A roundtable recently held by solar panel manufacturer Dualsun and the GoodPlanet Foundation in Paris highlighted the organizational and regulatory barriers holding back collective solar self-consumption in France, a model its proponents say is technically ready to scale.
Image: Marie Beyer
From pv magazine France
A recent roundtable in France brought together policymakers, utilities, and housing-sector representatives to examine how the country’s collective self-consumption model (autoconsommation collective, ACC) can scale, as grid operators warn that rapid growth in distributed solar is straining a network designed for centralized, one‑way power flows.
The event, held as part of the Vivre Ensemble exhibition in Paris, gathered key stakeholders to discuss collective self-consumption – the practice of sharing locally generated solar power among a defined group of producers and consumers within a given geographic perimeter.
France’s national electricity grid, designed around centralized, continuous power flows, is struggling to adapt to growing volumes of distributed renewable generation. Christophe Gros of Enedis, France’s distribution network operator, said the grid must now manage injection peaks with limited corresponding consumption, and that the solution lies not in consuming more energy but in electrifying more end uses and aligning consumption with periods of low prices.
Rémi Bastien of Enogrid, an ACC platform operator, said the shift in grid dynamics is significant: whereas the network was historically fed by producers on a continuous basis, generation and consumption are now matched in 15-minute intervals. ACC, he said, is becoming the technical lever for smoothing these mismatches and monetizing local production close to end users.
Land and heritage constraints are proving a material obstacle, including for large asset owners. Alice Timsit, representing the city of Paris, acknowledged that not all rooftops in the capital can be equipped for solar, given oversight by France’s historic buildings authority – though she said only 10% of PV projects are currently rejected on those grounds.
To push beyond this ceiling, Paris has formally requested a derogation from the DGEC, France’s energy and climate directorate, to extend the ACC perimeter from the current limit to two kilometers.
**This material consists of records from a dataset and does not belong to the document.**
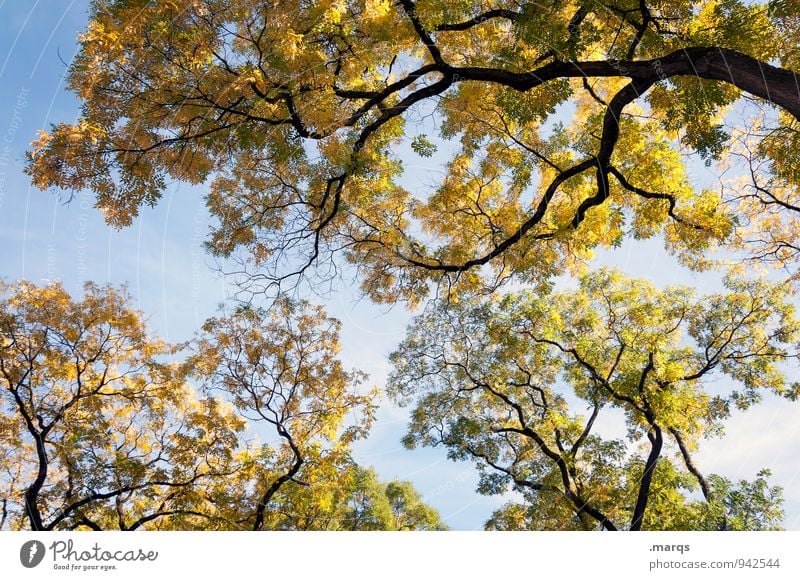 Baumkronen Natur Umwelt Schönes Wetter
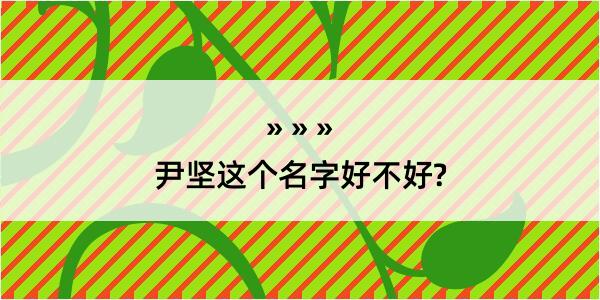 尹坚这个名字好不好?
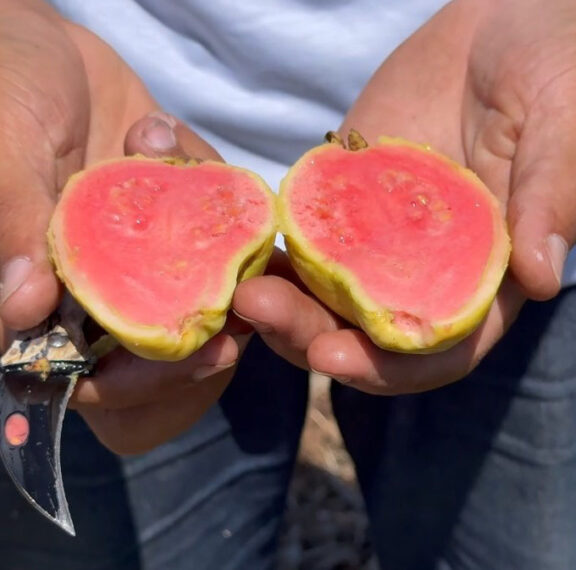 There are many variations of passages of Lorem Ipsum available, but majority have suffered teration in some form, by injected humour, or randomised words which don't look even slight believable. If you are going to use a passage of Lorem Ipsum.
The aim is to enable larger-scale operations by integrating not only the 25% of Parisian housing stock classified as social housing, but also municipal real estate located in the suburbs.
Social housing represents a significant potential driver of ACC growth in France. Emmanuelle Cosse, president of the Union sociale pour l’habitat, the national federation of social housing landlords, said more than 50% of France’s social housing stock remains dependent on fossil fuels – a legacy of past policy choices. She said the path forward lies not in isolated interventions but in neighborhood-scale approaches that offer greater flexibility, though she acknowledged this requires bringing all parties to the table. She also stressed the need to guarantee supply security and service levels equivalent to existing gas boilers, which in turn requires building a reliable network of qualified professionals able to respond quickly.
When pv magazine France asked about a pending government decree on allocation keys – the rules determining how shared solar output is distributed among ACC participants – the response from the panel surprised attendees. What industry players had flagged as a critical issue was characterized by one panelist as a technical matter rather than a genuine obstacle. Enogrid, which had previously described the allocation key question as critical in comments to pv magazine France, appeared to step back from that position at the event. The issue remains unresolved.